=== EXTRACTED DATA ===

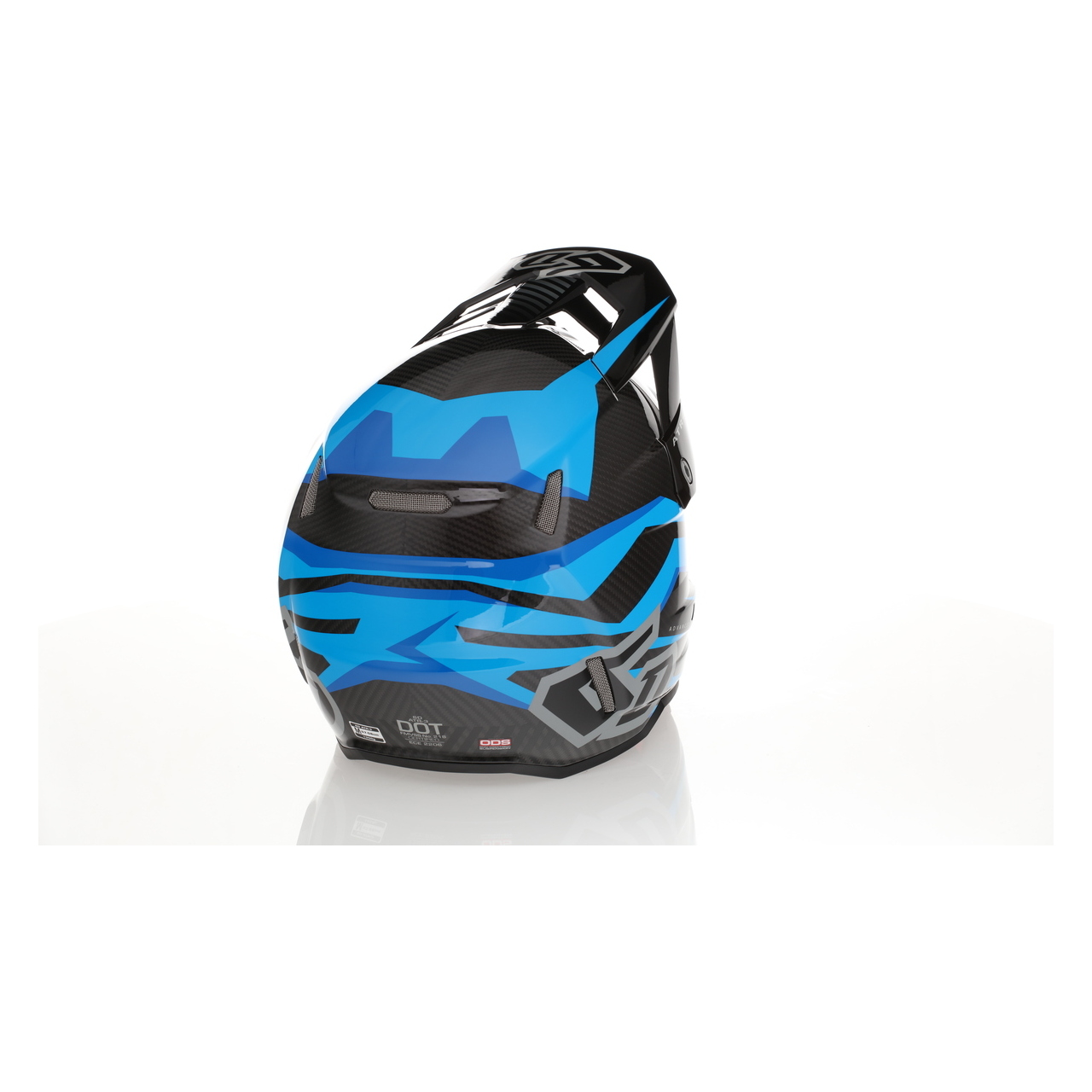 6D ATR-3 Rival FIM MX Helmet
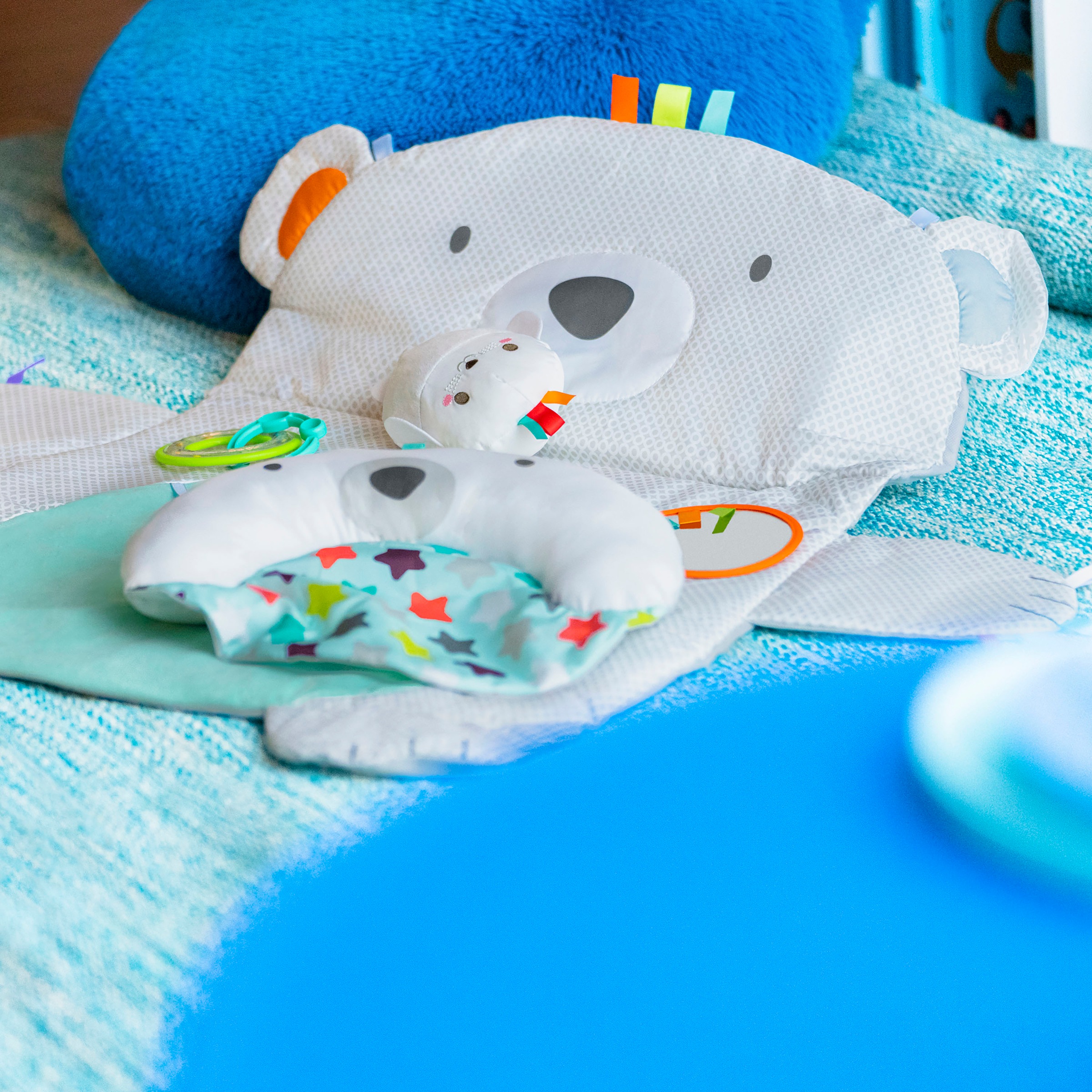 Bright Starts Greifspielzeug »Tummy Time Prop & Play™«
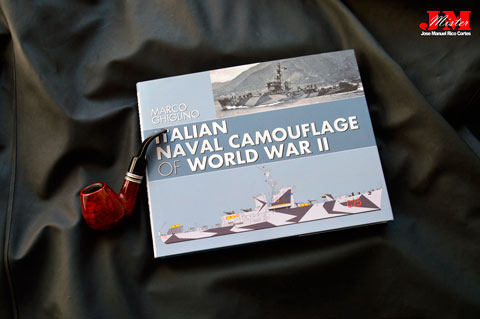 "Italian Naval Camouflage of World War II" (Camuflaje Naval Italiano de la Segunda Guerra Mundial)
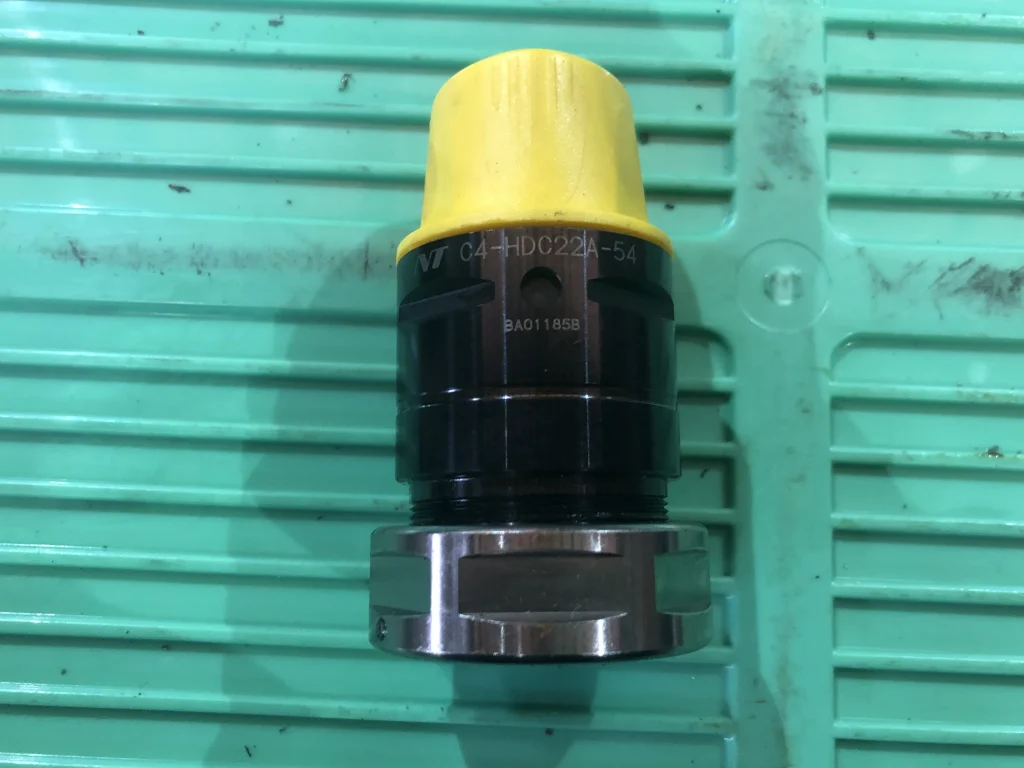 エヌティーツール コレットホルダ C4-HDC22A-54 / NT TOOL Capto C4 High-Precision Collet Holder C4-HDC22A-54 TJ211038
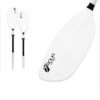 PAGAIE KAYAK AQUADESIGN WHITE 2 PARTIES 215CM -Spirit Kayak pagaie kayak aquadesign white 2 parties 215cm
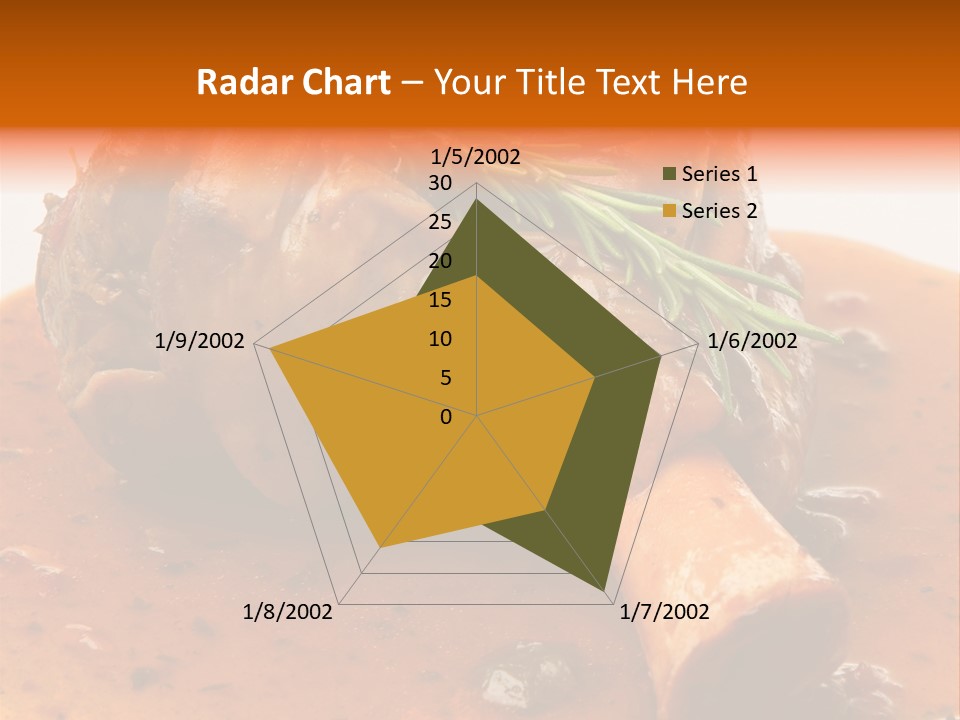 Nobody Succulent Herb PowerPoint Template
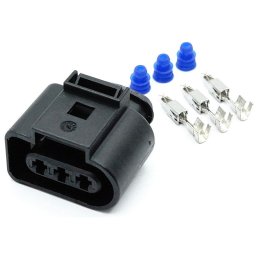Bosch csatlakozó 3 pólusú ovál 1J0973723C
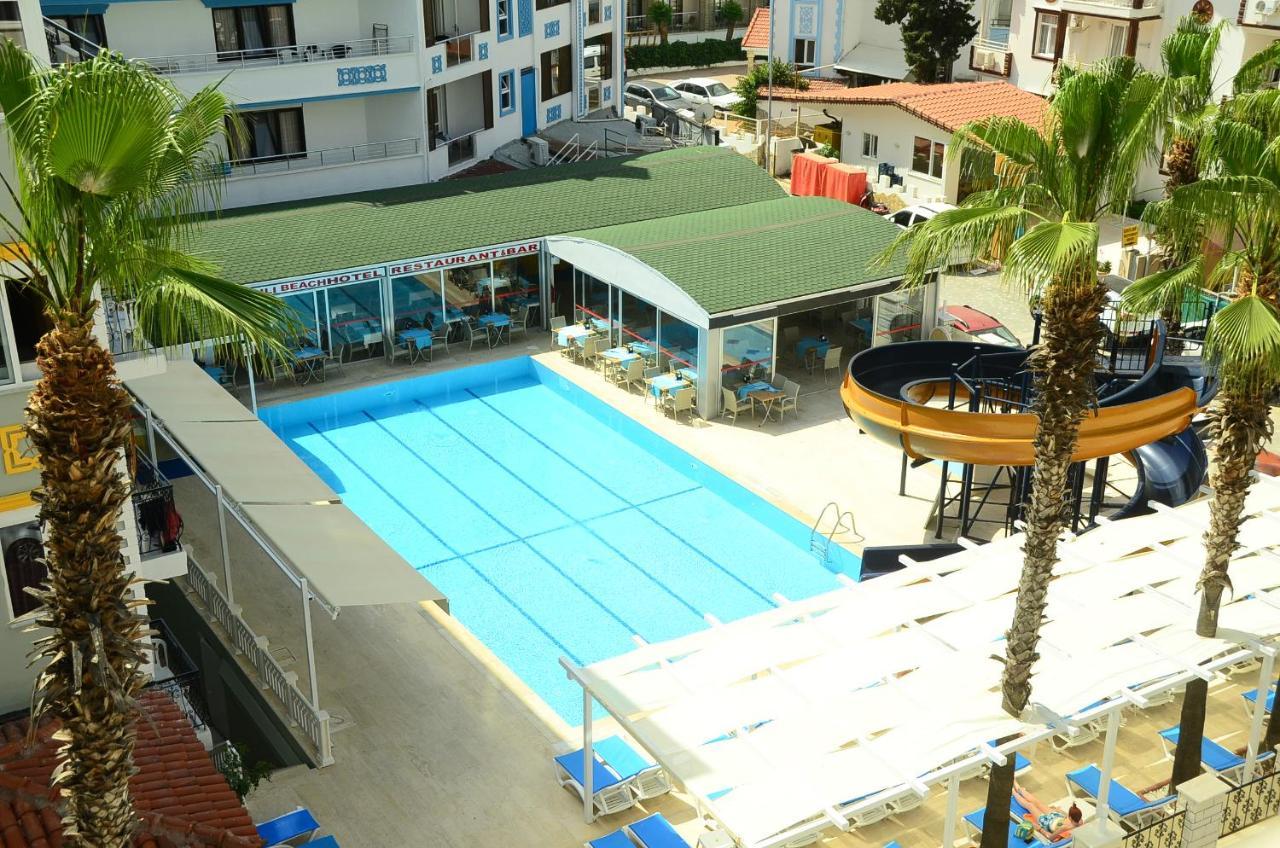 Saygili Beach Hotel Side Exterior photo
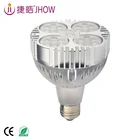 Wholesale Warranty 2 Years Transparent Dimmable Waterproof White Par30 Light Bulb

===

(WHAT YOU NEED TO DO) Output exactly the lines from the one containing "Nobody Succulent Herb PowerPoint Template" through the last line of the records above, both included, leaving out any pictures.

(OUTPUT)
 Nobody Succulent Herb PowerPoint Template
Bosch csatlakozó 3 pólusú ovál 1J0973723C
 Saygili Beach Hotel Side Exterior photo
 Wholesale Warranty 2 Years Transparent Dimmable Waterproof White Par30 Light Bulb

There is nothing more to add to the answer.